La Somalie, le Pakistan, le Panama, la Grèce et le Danemark ont remporté les élections à l'Assemblée générale.
La Somalie a obtenu 179 voix, le Pakistan 182, le Panama 183, la Grèce 182 et le Danemark 184, répondant ainsi au critère d'obtention des deux tiers des voix pour remplacer l'Équateur, le Japon, Malte, le Mozambique et la Suisse.
Ces cinq pays serviront en tant que membres non permanents du Conseil de sécurité de l'ONU du 1er janvier 2025 au 31 décembre 2026.
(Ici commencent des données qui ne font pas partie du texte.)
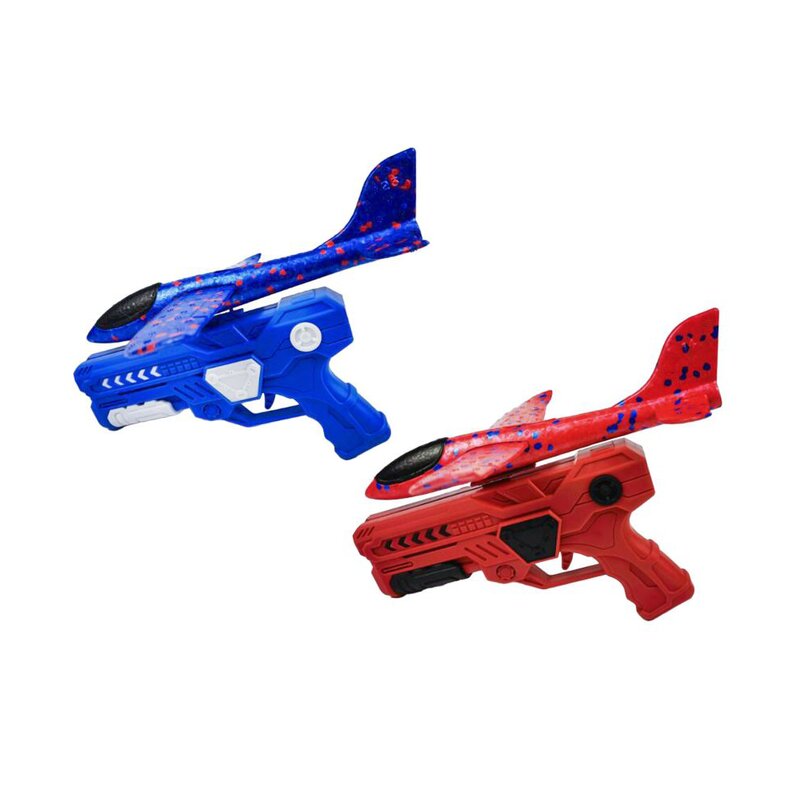 Plane and Launch Gun - Liidokki ja Laukaisin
- Plus de 180 millions d’enfants de moins de 5 ans vivent dans une ‘’pauvreté alimentaire sévère’’, selon l’Unicef
Plus de 180 millions d’enfants de moins de 5 ans dans le monde vivent dans une ‘’pauvreté alimentaire sévère’’, soit plus d’un enfant sur quatre, a déploré le Fonds des Nations unies pour l’enfance (Unicef).
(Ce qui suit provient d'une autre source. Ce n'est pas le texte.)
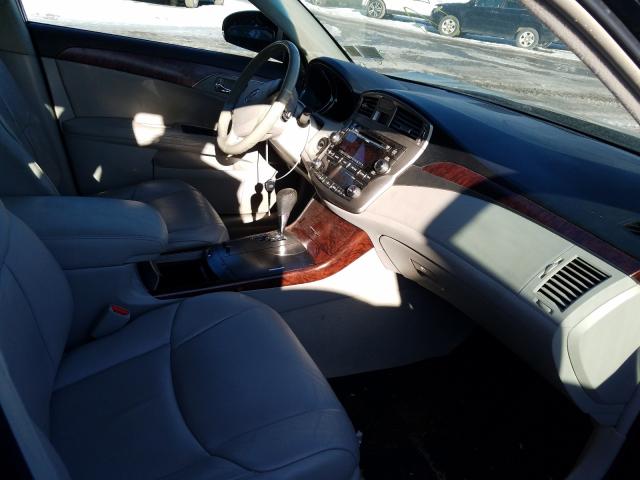 4T1BK3DB6BU426959 - 2011 TOYOTA AVALON BASE  照片 5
Dans un rapport rendu public mercredi soir, et repris par la presse internationale, l’Unicef alerte que ces enfants risquent des séquelles graves en l'absence d'une alimentation nutritive et diversifiée.
Selon le rapport de l’agence onusienne, 440 millions d'enfants de moins de 5 ans (soit 66%) vivant dans une centaine de pays à revenus faibles et moyens, n’ont pas accès chaque jour à cinq groupe d’aliments parmi huit et endurent donc une situation de ‘’pauvreté alimentaire’’.
Cette pauvreté alimentaire sévère est concentrée dans 20 pays, et touche de manière préoccupante la Somalie (63% des enfants de moins de 5 ans touchés), la Guinée (54%), la Guinée-Bissau (53%) ou encore l’Afghanistan (49%).
Le rapport évoque particulièrement la situation dans la bande de Gaza où la guerre israélienne a provoqué l’effondrement des systèmes alimentaires et de santé. Ainsi, l’Unicef estime que 9 enfants sur 10 y vivent dans une pauvreté alimentaire sévère.
- Près de trois millions de réfugiés auront besoin d’être réinstallés en 2025 (HCR)
L’Agence des Nations Unies pour les réfugiés (HCR) estime que près de trois millions de réfugiés auront besoin d’être réinstallés dans le monde l’année prochaine.
Cette dernière estimation marque une augmentation de 20 % - équivalant à un demi-million de réfugiés - par rapport à 2024, en raison de la prolongation des situations de déplacement massif, de l’émergence de nouveaux conflits et des impacts du changement climatique, précise l’ONU dans un communiqué publié mercredi.
Pour la neuvième année consécutive, les Syriens déplacés continuent d’avoir les besoins les plus importants en matière de réinstallation, avec près d’un million (933 000) de réfugiés qui devraient avoir besoin d’un soutien dans le cadre de ce programme. Viennent ensuite les réfugiés d’Afghanistan (558 000), du Soudan du Sud (242 000), les Rohingyas du Myanmar (226 000), du Soudan (172 000) et de la République démocratique du Congo (158 000), souligne la même source.